Description of the task - For the entries below, copy exactly the line that contains "Hi everyone, Ms." through the line that contains "Hello and welcome", both ends included, and exclude all pictures.

+-------+

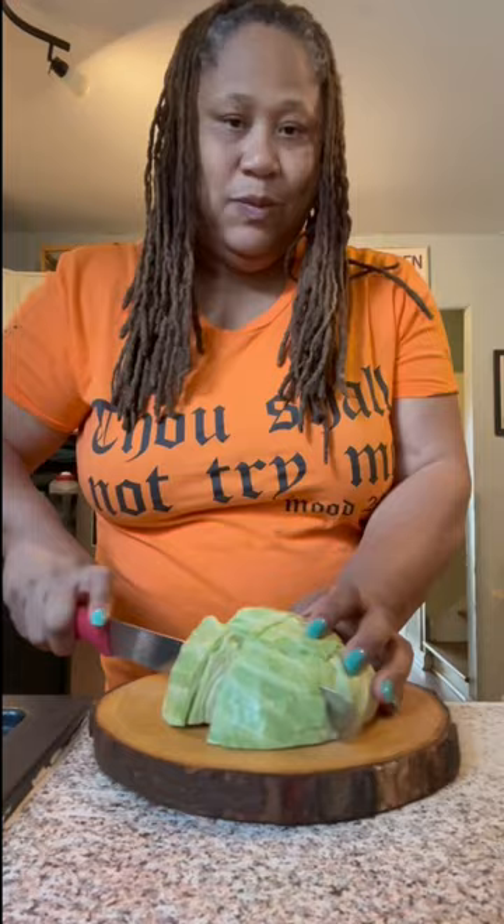Y'all ready for some good coleslaw? Now this ain't KFC, it's me Kal's, but damn it, it's better. Let me show y'all how to do it. First I cut up my cabbage, then I put it in my processor and process it up.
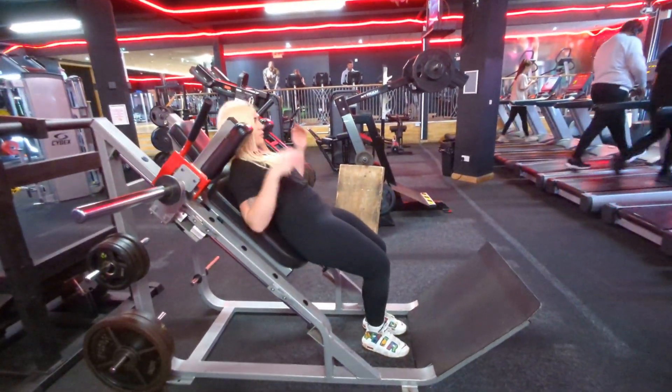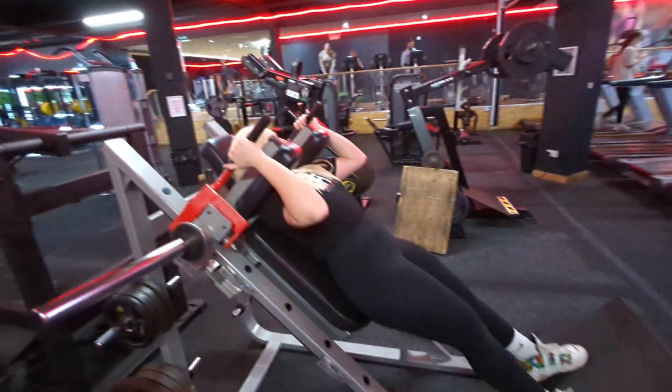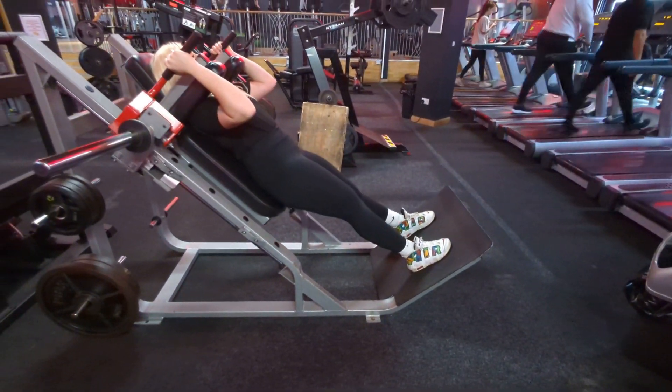Here is our hack squat machine. Foot plate at the front, back against the pads, shoulders underneath. All you do to release is pull the handles inwards to release the load onto yourself and onto your legs.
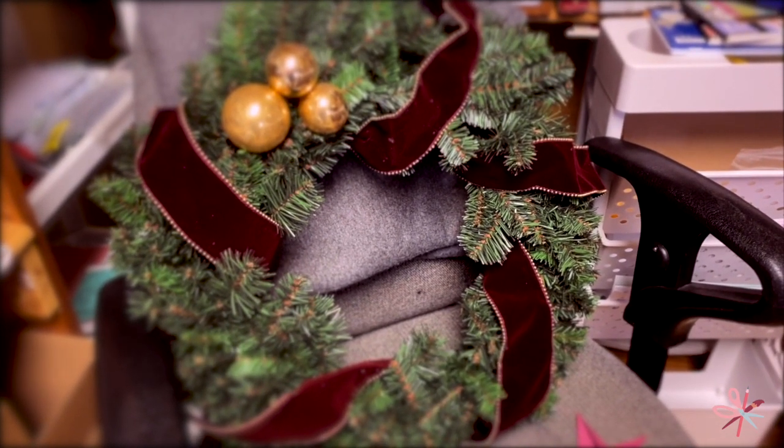I'm a bit too tired to feel truly inspired, but I will continue and finish this wreath tomorrow, so check back and see the final result.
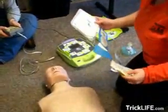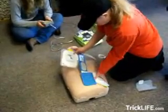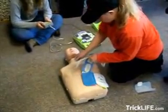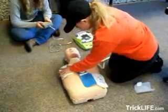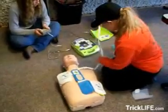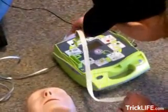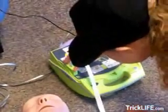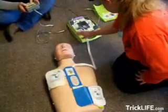Now attach the electrode pads to the patient as directed by the AED unit.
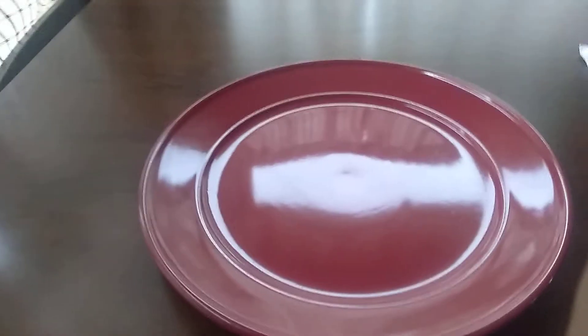Hi everyone, Ms. Jelena here. Today I'm going to show you how to set a table. To begin with, I start with a dinner plate. A dinner plate is a large plate. I take that plate and I set it directly in front of me.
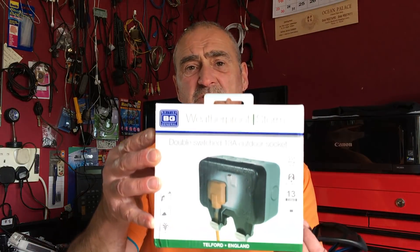Hello and welcome to another episode of Dryway Dudes. Today we're going to fit this outdoor double switch socket. You will need a drill and a couple of other tools, but most importantly wear eye protection and ear protection.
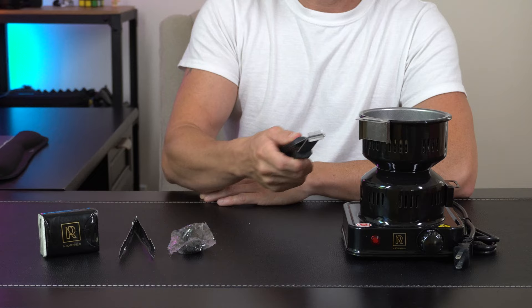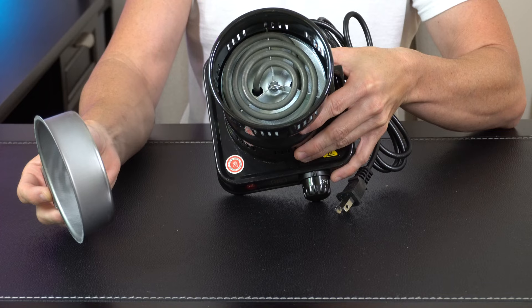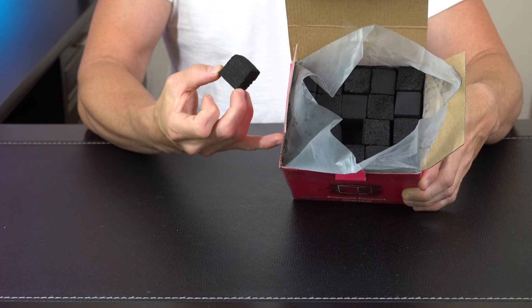And we got some tongs here that are going to be used for the main coal basket in case you need to remove it. Overall very simple and straightforward to use — plug it in, turn it on, get it hot. Up here we've got the main basket that sits right on top of the coil. The coals are packed very well in a nice big box, one inch cubes. We got it plugged in and we're gonna turn it on.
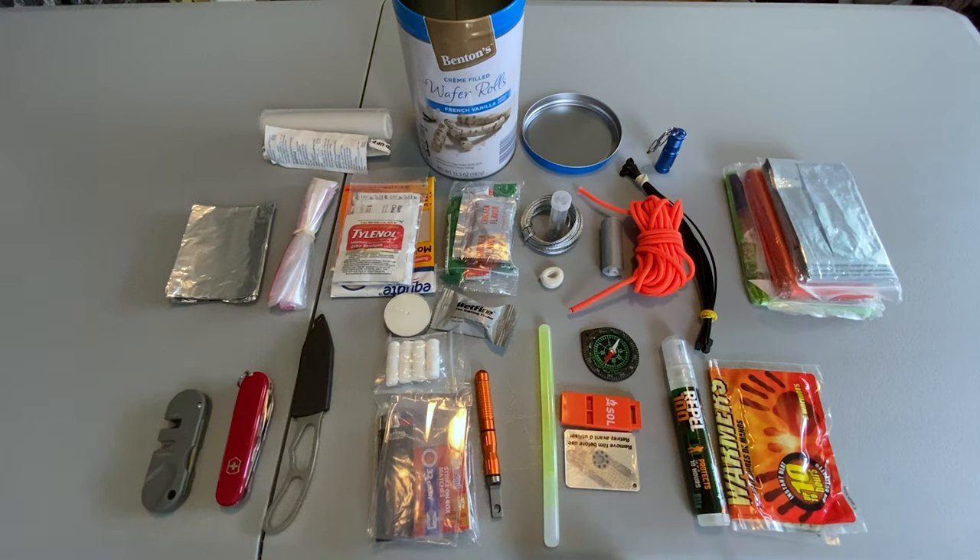This kit is not to be used as a standalone kit to survive in the woods. This is more of a last-ditch kit — something to throw in your car in case of emergency or to toss in the bottom of your backpack. A kit like this is more to supplement a bigger kit or to just give you something when you have nothing else.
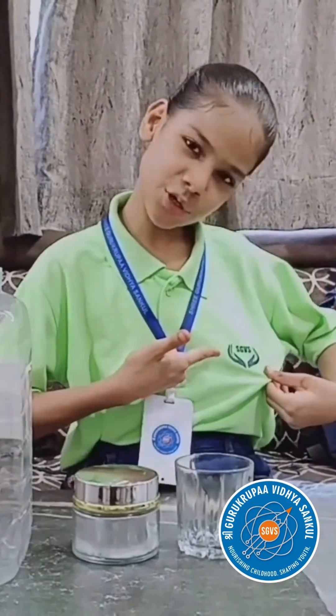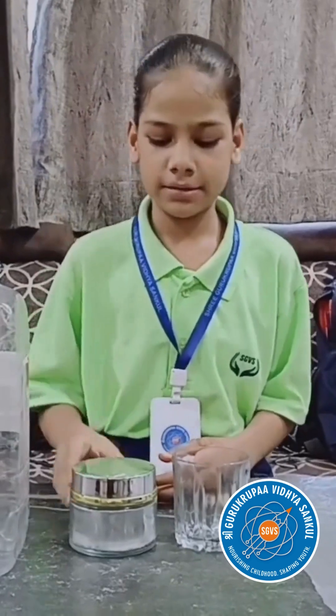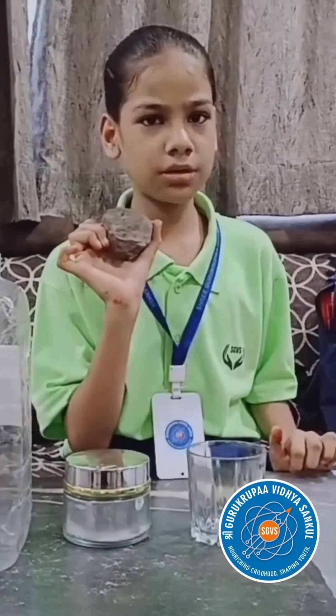Today I will show you how to make pure water without electricity. Firstly, we will take a bucket and fill in two litres of water and two tablespoons of salt, and an empty glass. Then we will cover this bucket with a plastic sheet, and finally we will put a hundred gram stone on top of the bucket and leave it for five to eight hours.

+-------+

Answer below -
Hi everyone, Ms. Jelena here. Today I'm going to show you how to set a table. To begin with, I start with a dinner plate. A dinner plate is a large plate. I take that plate and I set it directly in front of me.
Hello and welcome to another episode of Dryway Dudes. Today we're going to fit this outdoor double switch socket. You will need a drill and a couple of other tools, but most importantly wear eye protection and ear protection.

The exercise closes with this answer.